1. What’s new for 2016?
A next-generation infotainment interface to replace the automaker’s confounding MyFord Touch system. The more intuitive, more graphically attractive, and hopefully more reliable Sync 3 connectivity system will be offered in a number of model-year 2016 Ford cars, SUVs, and trucks but debuts with the summer release of this popular compact crossover and the ’16 Fiesta subcompact car.
Again stressing fashion-forward styling and great road manners – and de-emphasizing rear-seat roominess — Escape returns as a five-passenger four-door with front- or all-wheel drive (AWD) and a choice of three four-cylinder engines, two of them turbocharged. This is Ford’s best-selling SUV and is based on a European-sourced design sold globally.
2. How much does it cost and what sort of deal can I expect?
The base-price range — $24,345-$32,380 – is competitive with top rivals, though you’ll almost certainly be able to wrangle more off the sticker price of the Ford.
The unchanged three-model 2016 lineup begins with the little-ordered, entry-level S version, at $24,345 (all base prices in this review include Ford’s $895 destination fee). The S is limited to the least powerful engine and front-wheel drive and offers no options.
The volume-selling SE starts at $26,545 ($28,245 with AWD), comes with a 178-horsepower 1.6-liter turbo engine, and is available with a host of functional and dress-up features, including Sync 3. Topping the line is the Titanium, priced from $30,630 with front-drive and $32,380 with AWD. Like the SE, it’s optionally available with a 240-horsepower 2.0-liter turbo but includes among its standard features such amenities as leather upholstery, power memory front seats, and Sync 3.
As for deals, transaction-price trends established by the 2015 Escape should be good news for model-year ’16 intenders. Pricing service TrueCar.com reports transactions on 2015 Escapes averaging 9.8 percent below base prices. That’s nearly double the discount Honda CR-V buyers enjoyed and comfortably ahead of the 7.8 percent below-manufacturer’s-suggested-retail realized by Toyota RAV4 shoppers.
Further brightening the picture is a history of generous factory incentives. Despite its continued popularity – Escape trails only the CR-V in the compact-crossover sales race – Ford was offering $1,500 cash back or 0-6.9 percent financing to qualified ’15 Escape buyers. That should be a harbinger of incentives that’ll become available on the ’16 model. By contrast, there were no incentives on the ’15 Honda and $750-$1,000 cash back (with no cut-rate interest) offered on the Toyota.
3. When will the next big change be?
Today’s Escape came to the U.S. for model-year 2013, replacing an SUV that dated to the final days of the Clinton administration. It’s on track for a full redesign for model-year 2018. Exterior dimensions shouldn’t change much, but expect a needed boost in rear legroom and slightly more conservative styling. It should also feature Ford’s latest 1.5-liter turbocharged four-cylinder of around 180 horsepower and a nine-speed automatic transmission.
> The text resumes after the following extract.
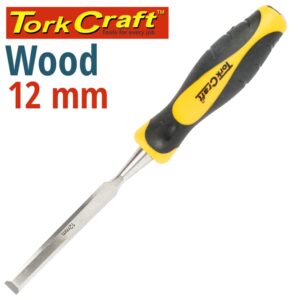 WOOD CHISEL 12MM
That’s also about the time U.S. buyers are apt to get their first shot at a Ford crossover slotted below Escape in size and price. Already on sale in overseas markets, the Fiesta-based wagon is expected to join America’s burgeoning subcompact-crossover class during 2016 or ‘17.
As for near-term changes, Ford fooled analysts who predicted a model-year 2016 freshening that would have updated Escape’s exterior styling and revised its cabin. That revamp could well occur for 2017, as the automaker seeks to stoke interest before the redesigned ’18 arrives.
4. What options or trim level is best for me?
Steer clear of the rental-fleet-flavored S model. Most buyers find an SE to their liking, though the top-tier Titanium attracts a surprisingly healthy share of sales.
Standard on every Escape is a backup camera, cruise control, keyless entry, and Ford’s trustworthy, basic hands-free phone- and audio-control setup called just-plain-Sync. Also onboard is a 60/40 split/folding rear seat and the automaker’s MyKey feature intended to encouraging responsible teen driving by allowing parents to remotely program limits on speed and audio volume unless seatbelts are buckled.
The SE adds such standard features as a 10-way power driver’s seat with power lumbar and its upside is the chance to customize it according to your taste or budget. Useful options are the $445 Cold Weather Package (heated front seats and mirrors, heated windshield-wiper zone, all-weather floormats) and a $495 power liftgate.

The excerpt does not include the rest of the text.